Fragile X syndrome is a genetic disease and is linked, as its name suggests, to a mutation on the X chromosome. It affects boys and girls, but it is more serious and frequent in boys. Girls may be affected by the syndrome or may simply be carriers of the mutation with hardly any symptoms. It is the first cause of hereditary mental deficiency.
The abnormality on the X chromosome causes a protein to be synthesized abnormally. The amount of protein synthesized (the expression of the gene) determines a greater or lesser range of symptoms. This protein is very important in the first moments of development and continues to be synthesized throughout life. It also determines the functions of other genes, hence the wide range of symptoms that the syndrome presents.

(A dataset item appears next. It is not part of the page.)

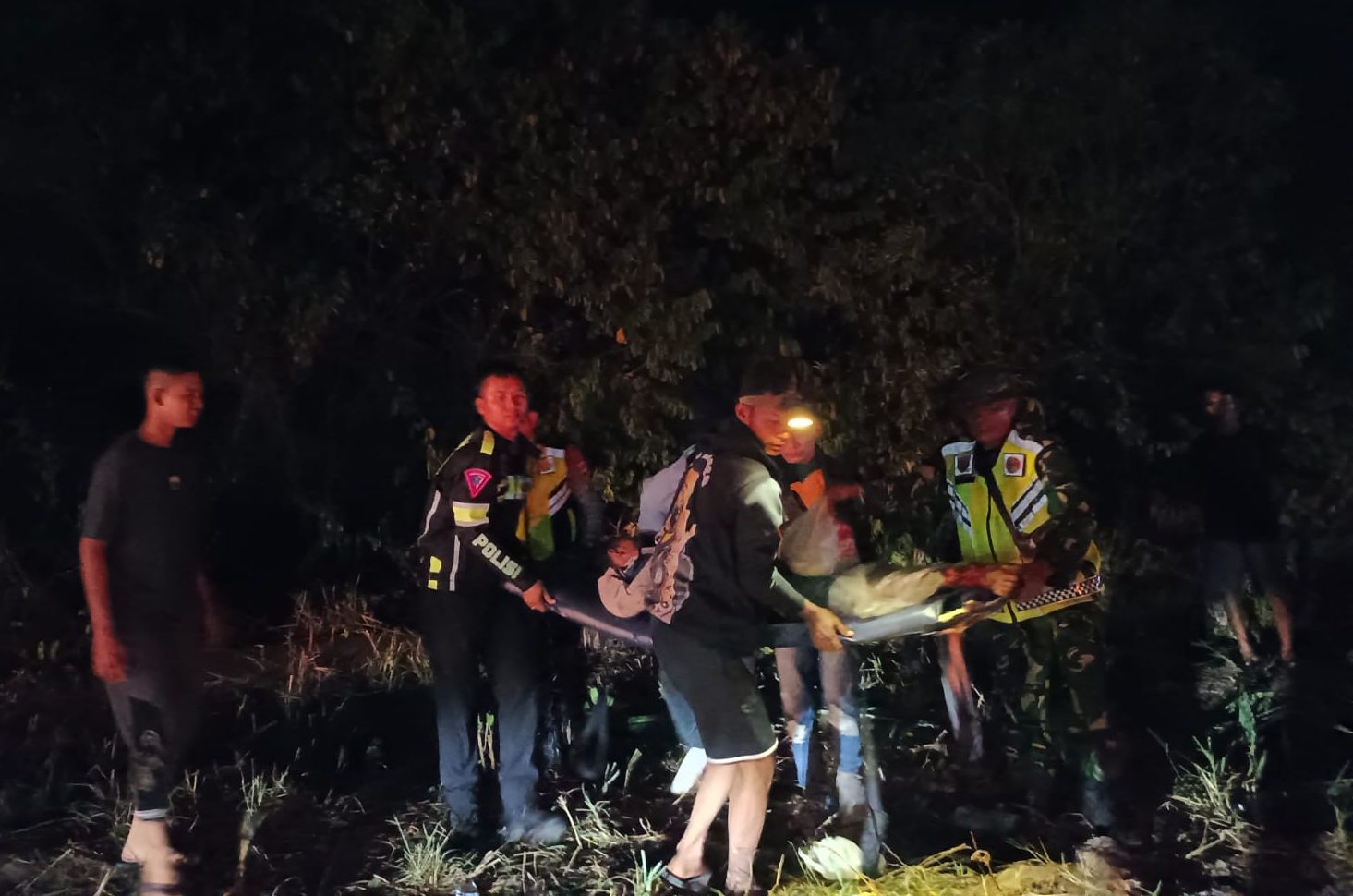 Ambulans Bawa Jenazah Tabrakkan dengan Truk Tangki, 4 Orang Tewas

Fragile X syndrome can give a very wide range of symptoms, not all those affected have all the symptoms. There are substantial differences between boys and girls.
Symptoms that may appear in children:
- Long face, large and displayed ears and joint hyperelasticity
- Macroorchidism (large testicles): this trait manifests in adolescence
- heart murmur
- Flat feet
- Epilepsy (not in all children)
- Mental retardation
- Delay in acquisitions and psychomotor
- Emotional and behavioral disorders
- Delay in language acquisition
- Hyperactivity or attention deficit
- autistic behavior
Symptoms that may appear in girls:
- Less marked facial features than in children
- Mental retardation
Children affected by this syndrome have some strengths such as:
- They are very social and enjoy the company of others.
- They are very receptive to cooperative work
- They have a sense of humor
- Good imitation ability
- Good visual and long-term memory; have a good sense of direction
The diagnosis is made through a genetic study of DNA and can diagnose boys with the syndrome as well as girls who are carriers of the mutation. It can also be detected prenatally, during pregnancy. Early diagnosis is very important in order to offer the child the best possible medical and educational care.
There is currently no treatment for Fragile X syndrome but in the future gene therapy could give these children a treatment option. Current treatment is based on alleviating symptoms. Medical and educational follow-up is essential.